Das wird zunächst verwirren. Denn wer nicht vom Fach ist, geht davon aus, dass der Smart Meter was mit dem Energielieferanten zu tun hat. Das ist aber nicht der Fall. Der Gesetzgeber hat vorgesehen, dass der Kunde es mit einem weiteren Mitspieler zu tun hat, nämlich dem Messstellenbetreiber. Einer liefert und der andere misst den Verbrauch. Das ist vielleicht mit einem Smartphone vergleichbar. Man kauft das Gerät eines Herstellers seiner Wahl und die Apps kann man aus einem Store herunterladen. Wenn wir ein Gerät beim Kunden einbauen, müssen wir als Netzbetreiber natürlich darauf hinweisen, dass er sich statt uns auch einen anderen auswählen kann. Dazu sind wir gesetzlich verpflichtet. Dann sollten wir den Nutzen des Geräts erklären. Etwa, wie man damit seinen Energieverbrauch leichter und besser erkennen und Energieeinsparmöglichkeiten erschließen kann. Da stellt sich für mich die spannende Frage, wie der jeweilige Kunde mit „seinem“ Smart Meter umgeht.

Das eine Gerät ist „nur“ eine moderne Messeinrichtung, die elektronisch zählt und die auch den historischen Verbrauch darlegen kann, und das andere ist eine „intelligente“ Messeinrichtung, die auch den Verbrauch elek­tronisch übermittelt, den man im Internet oder auf einer Plattform darstellen kann. Dazu braucht es natürlich auch Apps und neue Vertriebsprodukte. Aber so weit ist die Branche noch nicht. Und darin liegt eine gewisse Herausforderung. Die neuen Geräte werden also eingebaut, aber es gibt noch keinen Zusatznutzen. Das ist fast wie das Henne-Ei-Problem. Wenn noch keine Vertriebsprodukte da sind, kann man sie nicht mit den neuen Geräten nutzen, die neuen Vertriebsprodukte werden aber nicht entwickelt, wenn die Geräte nicht eingebaut sind. Apps wurden aber auch erst entwickelt, nachdem die Smartphones da waren – und das ziemlich rasant. Erik Landeck möchte auf jeden Fall wissen, welche Daten sein Smart Meter sendet. Ich möchte als Kunde auch gerne wissen, welche Daten aus meinem Haushalt herausgehen, und da werden wir als Netzbetreiber stärker informieren müssen als heute, wer alles die Daten nutzen wird oder wann und wie die Daten überhaupt abgerufen werden. Und ich wünsche mir auch regelmäßig einen Bericht, vielleicht per E‑Mail, welche Daten von meinem Zähler abgerufen worden sind und wann und wer die bekommen hat. Es kann sein, dass ich dem Vertrieb XY die Erlaubnis gegeben habe, meine Daten zu sehen, weil ich mit ihm einen Vertrag abschließen wollte. Aber ich möchte nicht, dass er das auf ewig sieht. Das möchte ich doch schon gerne als Kunde in der Hand haben.
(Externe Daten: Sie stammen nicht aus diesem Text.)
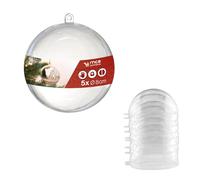 Sfera in plastica acrilica A66805, diametro 8 cm, trasparenti con occhiello per appenderle, 2 parti, 5 pezzi, palline in plexiglas, palline di Natale, sfera in plastica trasparente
Aber die Gefahr, dass man ausspioniert wird, geht gegen null. Denn mit den technischen Maßgaben, die tatsächlich umgesetzt werden, ist das nicht realisierbar. Auf jeden Fall ist die Umstellung auf Smart Meter ein großer Schritt. Wir müssen als Netzbetreiber darüber aufklären, dass durch diese Modernisierung Dinge möglich werden, die wir im Energiesystem der Zukunft brauchen. Denn es wird viele verschiedene Energielebensformen geben. Und dafür brauchen wir spezielle Konzepte, wie gemessen und abgerechnet werden soll. Mit einer zunehmenden dezentralen Energieversorgung werden verschiedene – heute noch gar nicht bekannte – Konzepte der Energieerzeugung, des -verbrauchs und des -austauschs entstehen und damit auch die Notwendigkeit, das zu messen. Wir müssen also genau wissen, was vor Ort passiert. Daher ist meine Prognose, dass die Verteilnetzbetreiber hier auch in Zukunft eine erhebliche Rolle einnehmen müssen, diese Daten aufzunehmen und auch diese Konzepte mit zu begleiten. Dezentrale Energieversorgung heißt dezentrale Energiekonzepte, also vom Verteilnetzbetreiber durchgeführte Messungen und Bilanzierungen. Wir werden irgendwann eine große Vielfalt an Tarifstrukturen haben. Vielleicht gibt es sogar einen Geburtstags‑Stromtarif, bei dem man an seinem Geburtstag nichts bezahlen muss. Mit dem herkömmlichen alten Zähler wäre das nicht machbar. Mit dem neuen sind diese – vielleicht heute noch verrückten, aber morgen ganz normalen – Ideen umsetzbar.

Dr. Erik Landeck ist Geschäftsführer der Stromnetz Berlin GmbH und der Vattenfall Europe Netzservice GmbH.